Glossary: Jailbreak Attack Landscape

Reinforcement Learning from Human Feedback (RLHF) has emerged as a crucial technique in aligning large language models (LLMs) with human values and ethics. This approach aims to create AI systems that are more closely attuned to human preferences, moral standards, and societal norms. By incorporating direct human feedback during the training process, RLHF enables LLMs to learn and refine their behavior based on human judgments, leading to outputs that are more aligned with ethical expectations.

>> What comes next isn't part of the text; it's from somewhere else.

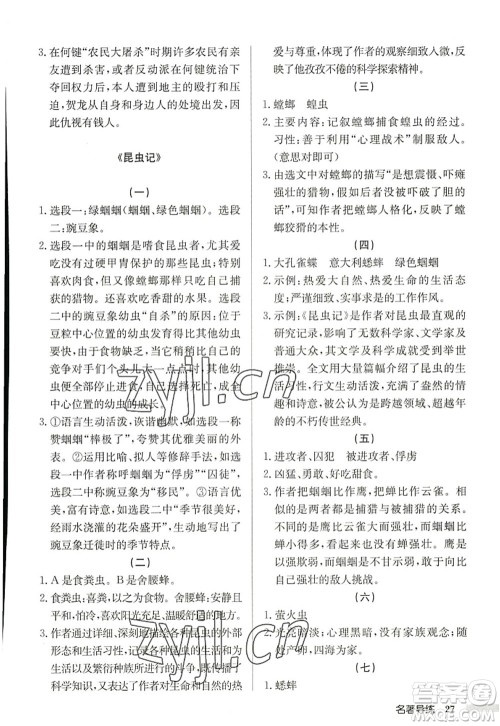 龙门书局2022启东中学作业本八年级语文上册R人教版徐州专版答案 龙门书局2022启东中学作业本八年级语文上册R人教版徐州专版答案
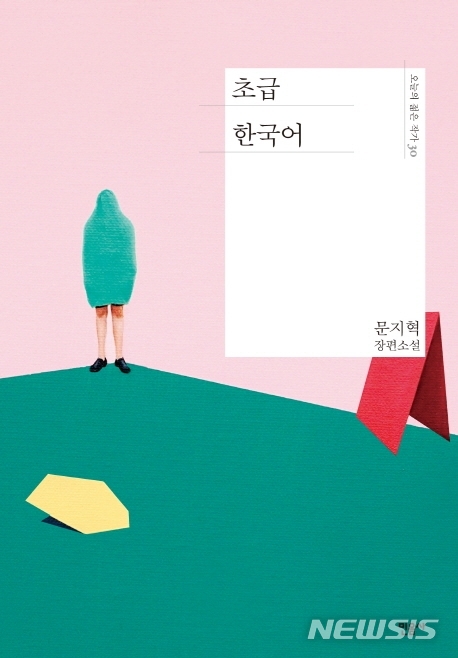 [서울=뉴시스]'초급 한국어'. (사진 = 민음사 제공) 2020.12.08.photo@newsis.com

However, the very mechanisms designed to align AI with human values have given rise to a new class of vulnerabilities known as "jailbreak attacks." These attacks are specifically crafted to circumvent the safety measures and ethical guidelines built into AI systems, potentially leading to the generation of responses that may bypass intended safeguards.

Jailbreak attacks exploit the complex nature of language and the nuances of human communication to manipulate LLMs into producing responses that they were explicitly trained to avoid. Jailbreak attacks on LLMs can be broadly classified into three main categories:

Algorithmic Attacks

In algorithmic attacks, attackers exploit the model's internal response patterns to identify prompts that lead to unintended outputs. These attacks work by systematically testing different phrasing or inputs to find ways to bypass safety mechanisms.

Examples

  • A user repeatedly modifies a query about automating a financial transaction until the model unintentionally provides steps that bypass security checks.
  • A user appends a adversarial string of characters at the end of a request to discover patterns that trick the AI into revealing restricted information.

Socially Engineered Attacks

Socially engineered attacks manipulate the AI by mimicking human conversation tactics, persuading it to overlook its restrictions. These attacks rely on psychology and creative phrasing rather than direct technical weaknesses.

Examples

  • A user frames a request as an academic discussion, asking the AI to hypothetically describe the workings of an unauthorized data access technique.
  • A user pretends to be a concerned parent and asks the AI for "educational" details about circumventing online restrictions for "awareness purposes."

Word Obfuscation Attacks

Word obfuscation attacks involve disguising restricted content by altering words, using ciphers, word substitutions, deliberate misspellings, or breaking the text into pieces that evade detection.

Examples

  • Instead of directly asking about bypassing authentication, a user replaces key terms with synonyms or unrelated words, such as "unlocking a vault" instead of "hacking a password."
  • A user uses a sequence of seemingly innocent words with specific instructions to reconstruct a restricted query by replacing certain words with predefined alternatives.